Assignment>
Print out the full listing exactly as it reads.

Data in this exercise>
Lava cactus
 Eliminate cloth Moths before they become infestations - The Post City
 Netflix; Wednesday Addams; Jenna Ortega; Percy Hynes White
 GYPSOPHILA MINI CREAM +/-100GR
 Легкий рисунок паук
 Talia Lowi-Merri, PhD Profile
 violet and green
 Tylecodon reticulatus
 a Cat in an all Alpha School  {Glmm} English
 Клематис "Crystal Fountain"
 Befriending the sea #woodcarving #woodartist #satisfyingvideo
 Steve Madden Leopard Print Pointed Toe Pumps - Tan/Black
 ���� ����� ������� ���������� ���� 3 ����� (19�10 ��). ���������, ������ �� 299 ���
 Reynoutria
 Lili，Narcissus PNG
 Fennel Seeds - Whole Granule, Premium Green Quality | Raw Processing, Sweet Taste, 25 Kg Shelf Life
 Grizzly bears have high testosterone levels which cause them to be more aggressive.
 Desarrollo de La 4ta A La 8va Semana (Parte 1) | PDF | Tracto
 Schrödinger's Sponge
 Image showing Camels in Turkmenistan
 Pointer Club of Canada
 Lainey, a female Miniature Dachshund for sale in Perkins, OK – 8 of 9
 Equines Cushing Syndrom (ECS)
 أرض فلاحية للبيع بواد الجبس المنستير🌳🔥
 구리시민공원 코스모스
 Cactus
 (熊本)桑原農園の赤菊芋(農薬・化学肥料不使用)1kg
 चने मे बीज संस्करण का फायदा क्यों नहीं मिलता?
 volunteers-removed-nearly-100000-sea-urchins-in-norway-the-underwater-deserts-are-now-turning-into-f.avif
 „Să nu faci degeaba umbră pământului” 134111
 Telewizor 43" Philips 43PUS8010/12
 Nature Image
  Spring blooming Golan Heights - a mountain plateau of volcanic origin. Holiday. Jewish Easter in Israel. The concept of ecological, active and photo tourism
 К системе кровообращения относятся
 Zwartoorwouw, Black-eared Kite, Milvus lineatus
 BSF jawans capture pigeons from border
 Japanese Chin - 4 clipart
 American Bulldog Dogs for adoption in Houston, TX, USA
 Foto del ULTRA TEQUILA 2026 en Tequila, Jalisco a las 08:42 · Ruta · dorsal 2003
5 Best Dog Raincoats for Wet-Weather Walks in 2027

Response to the exercise>
Lava cactus
 Eliminate cloth Moths before they become infestations - The Post City
 Netflix; Wednesday Addams; Jenna Ortega; Percy Hynes White
 GYPSOPHILA MINI CREAM +/-100GR
 Легкий рисунок паук
 Talia Lowi-Merri, PhD Profile
 violet and green
 Tylecodon reticulatus
 a Cat in an all Alpha School  {Glmm} English
 Клематис "Crystal Fountain"
 Befriending the sea #woodcarving #woodartist #satisfyingvideo
 Steve Madden Leopard Print Pointed Toe Pumps - Tan/Black
 ���� ����� ������� ���������� ���� 3 ����� (19�10 ��). ���������, ������ �� 299 ���
 Reynoutria
 Lili，Narcissus PNG
 Fennel Seeds - Whole Granule, Premium Green Quality | Raw Processing, Sweet Taste, 25 Kg Shelf Life
 Grizzly bears have high testosterone levels which cause them to be more aggressive.
 Desarrollo de La 4ta A La 8va Semana (Parte 1) | PDF | Tracto
 Schrödinger's Sponge
 Image showing Camels in Turkmenistan
 Pointer Club of Canada
 Lainey, a female Miniature Dachshund for sale in Perkins, OK – 8 of 9
 Equines Cushing Syndrom (ECS)
 أرض فلاحية للبيع بواد الجبس المنستير🌳🔥
 구리시민공원 코스모스
 Cactus
 (熊本)桑原農園の赤菊芋(農薬・化学肥料不使用)1kg
 चने मे बीज संस्करण का फायदा क्यों नहीं मिलता?
 volunteers-removed-nearly-100000-sea-urchins-in-norway-the-underwater-deserts-are-now-turning-into-f.avif
 „Să nu faci degeaba umbră pământului” 134111
 Telewizor 43" Philips 43PUS8010/12
 Nature Image
  Spring blooming Golan Heights - a mountain plateau of volcanic origin. Holiday. Jewish Easter in Israel. The concept of ecological, active and photo tourism
 К системе кровообращения относятся
 Zwartoorwouw, Black-eared Kite, Milvus lineatus
 BSF jawans capture pigeons from border
 Japanese Chin - 4 clipart
 American Bulldog Dogs for adoption in Houston, TX, USA
 Foto del ULTRA TEQUILA 2026 en Tequila, Jalisco a las 08:42 · Ruta · dorsal 2003
5 Best Dog Raincoats for Wet-Weather Walks in 2027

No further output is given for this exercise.